Just yesterday, a white man attacked a black man, dragged him from his car and shot him dead…And was released from jail without charges.
Bresha Meadows is a 14 year old girl, who after years of domestic abuse and beatings by her father, shot him dead. She was locked up immediately, and 6 months later is still incarcerated awaiting trial.
Once more “justice” in America depends a lot more on the color of the purported criminal…Than the commission of a crime.
Bresha Meadows Isn’t a Murderer. She’s a Hero.
Bresha Meadows knows what monsters looked like.
She saw one daily, his presence unavoidable as he tormented her family through the shadows of the night and even in the broad daylight. She watched helplessly as he brutalized her mother, threatening and beating his children, hoping against hope that the looming horrors would end.
Jonathan Meadows, she says, repeatedly threatened to kill them all.
But when the then 14-year-old Ohio girl picked up a gun and shot her father in the head last July 28, ending a years-long campaign of terror, she woke to a new monster—one that was supposed to protect her: the criminal justice system.
Bresha was arrested and held in a Warren County juvenile detention center, charged with aggravated murder. Warren County prosecutors fought to push to try her case into the adult system where she would face a possible life sentence. The district attorney reversed course Thursday, but the question remains: Should she face charges at all?
Like Bresha, I’ve met my share of monsters. There was my father who pushed my mother’s face through a plate glass window and, later, her live-in boyfriend forced me into a bathtub filled with scalding hot water. I was five years old at the time, but I can still see the redness and the yellow blisters that swelled on my pale bony legs. I can still hear my screams roaring in my ears. My then 14-year-old brother Donnie kicked down the bathroom door and pulled me from the tub. My sister Lori Ann, who was 12, called my mother at work.

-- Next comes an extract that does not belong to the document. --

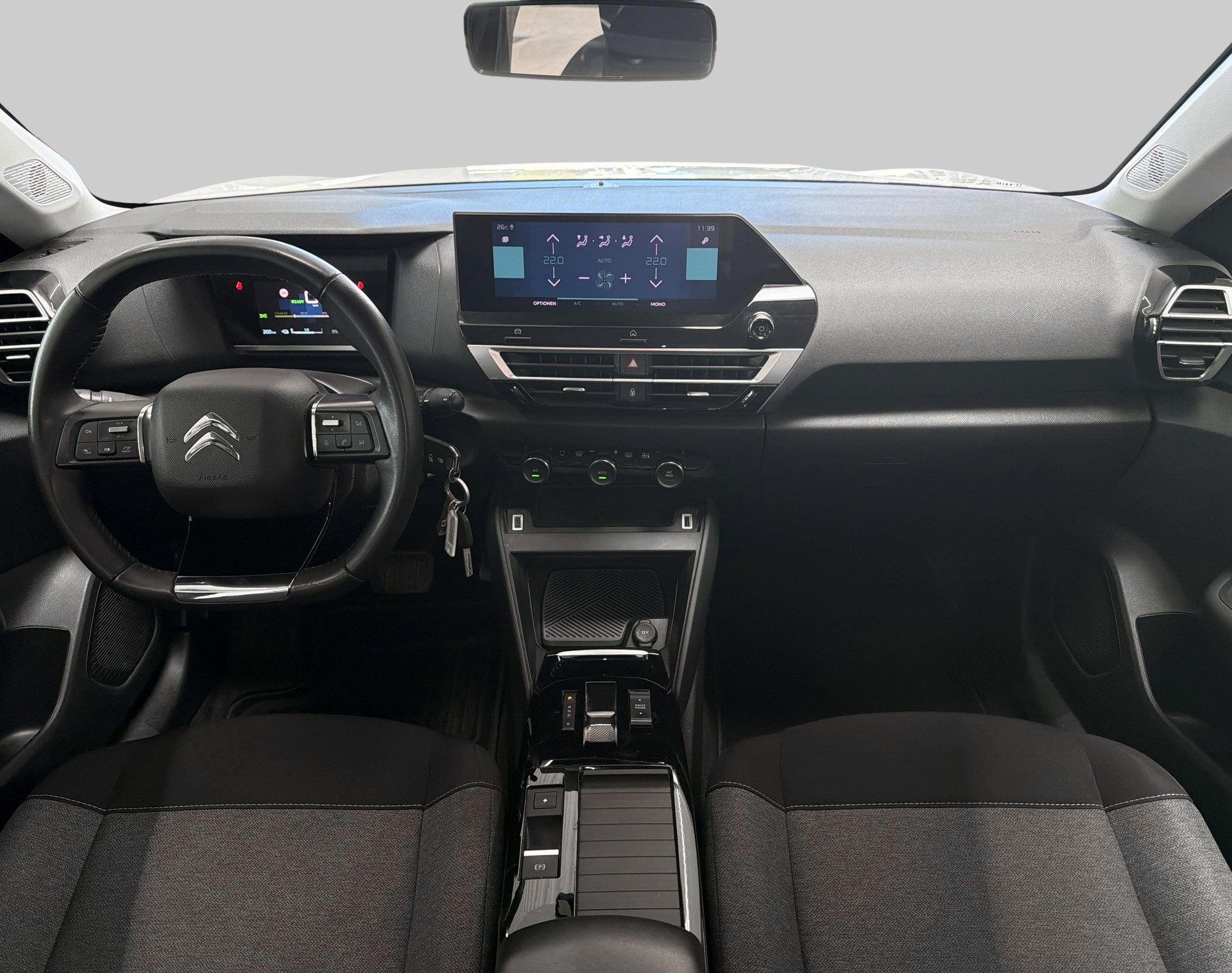 CITROEN C4 Electric Swiss Ed.-image-8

Mama shot Tony in the leg that night, leaving him with a permanent limp. Years later, she brandished her pistol again after he threatened to kill her and dump her body in the Mississippi River.
She was arrested on a gun possession charge. Nearly four decades later, my mother thought the case was closed until it was discovered in a background check for a concealed carry license.
I will never forget the night that Tony beat her savagely, upending our living room furniture as she struggled to get away. My brother Christopher, best friend Debbie and I locked ourselves in a bedroom, stuffing metal and wooden toys into pillow cases and barricading the door. We were children– eight and nine years old– preparing to defend ourselves with anything we could get our hands on.
I ran away from home at least twice that year, trying to escape the madness. Debbie helped me pack an overnight bag with clothes, a few toiletries, my favorite dolls and a sandwich she took from her mother’s kitchen. But, at eight years old, I had barely enough money—between my allowance and hers– to catch a Bi-State bus down St. Charles Rock Road in St. Ann, Missouri and cross into the city limits of St. Louis to get to my Aunt Doris Jean’s house.
Tony circled the block, looking for me. I hid out in the county library, clutching the bus schedule, until the next one came by. I watched him turn the corner, then I hurried aboard, dropped two quarters into the slot and slunk down into the nearest seat. I didn’t feel safe until the bus reached the stop near Martin Luther King Drive and Taylor Avenue. I walked the last block, lugging my suitcase down an unpaved alleyway.
Nobody was home when I got to my auntie’s run-down, walk-up apartment, except her feral old cat Samantha and a mutt named Lady. I waited on the porch with the dog until my Uncle Willie Byrd stumbled in drunk after nightfall.
That was 1976.
Our physical wounds have healed, but the emotional scars remain. I was told that Anthony Gino Delgado died in prison after he was convicted on capital murder charges. My brother Donnie said Tony was in jail because he decapitated a man with the sickle.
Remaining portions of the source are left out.